**Work instructions**
Reproduce precisely the lines of the listing below, starting with the line that contains "Carro Fiat Grand Siena 2018 1.6 E.torQ (Flex)" and stopping after the line that contains "Новости, 1920, 19.05.2026"; include nothing else.

**Data shown**
* * *

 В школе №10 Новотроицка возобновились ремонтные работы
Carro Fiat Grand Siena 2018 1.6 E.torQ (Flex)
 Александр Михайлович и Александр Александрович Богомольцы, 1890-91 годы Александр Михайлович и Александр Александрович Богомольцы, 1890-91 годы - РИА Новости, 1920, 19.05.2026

* * *

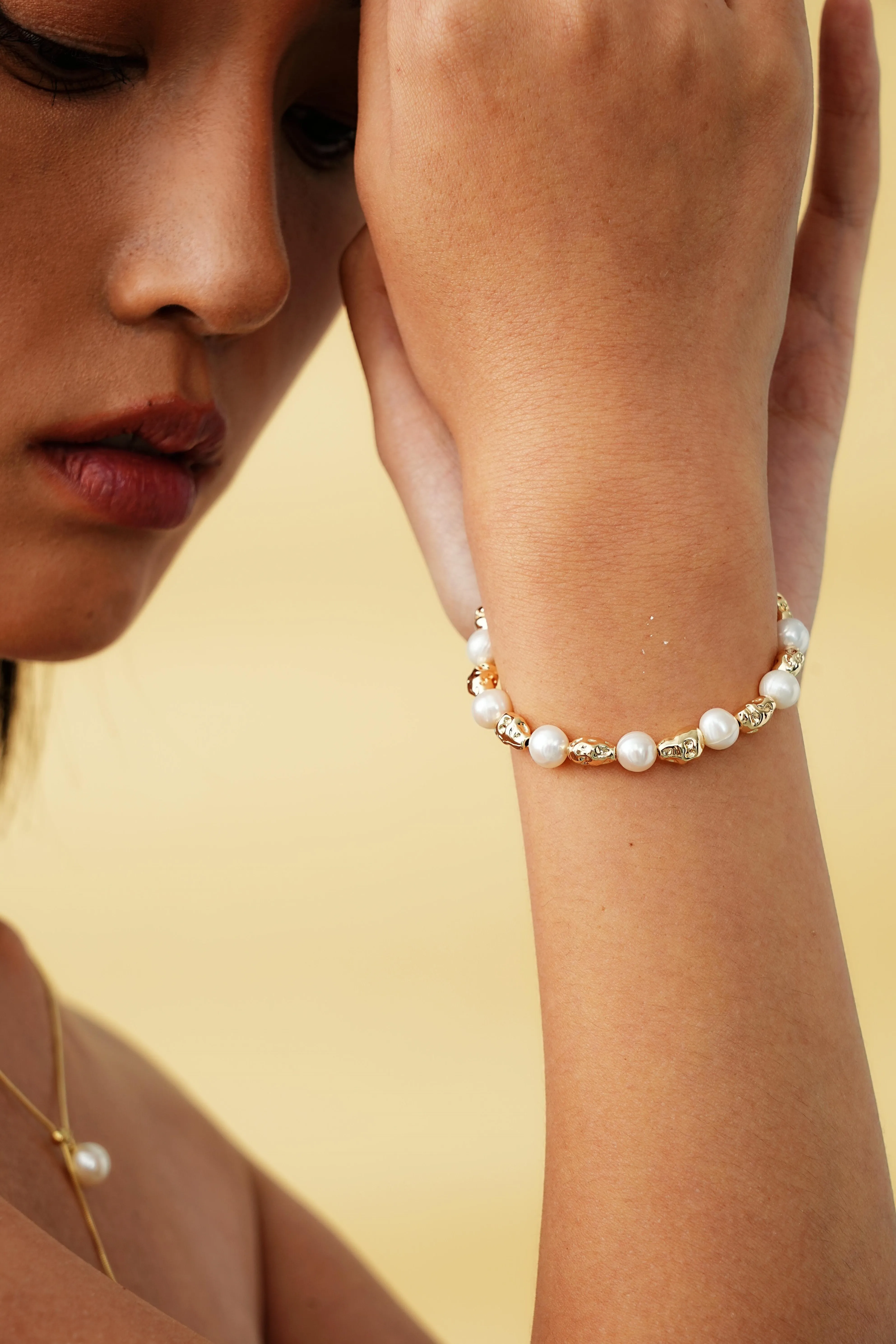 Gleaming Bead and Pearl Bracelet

* * *

**Response area**
Carro Fiat Grand Siena 2018 1.6 E.torQ (Flex)
 Александр Михайлович и Александр Александрович Богомольцы, 1890-91 годы Александр Михайлович и Александр Александрович Богомольцы, 1890-91 годы - РИА Новости, 1920, 19.05.2026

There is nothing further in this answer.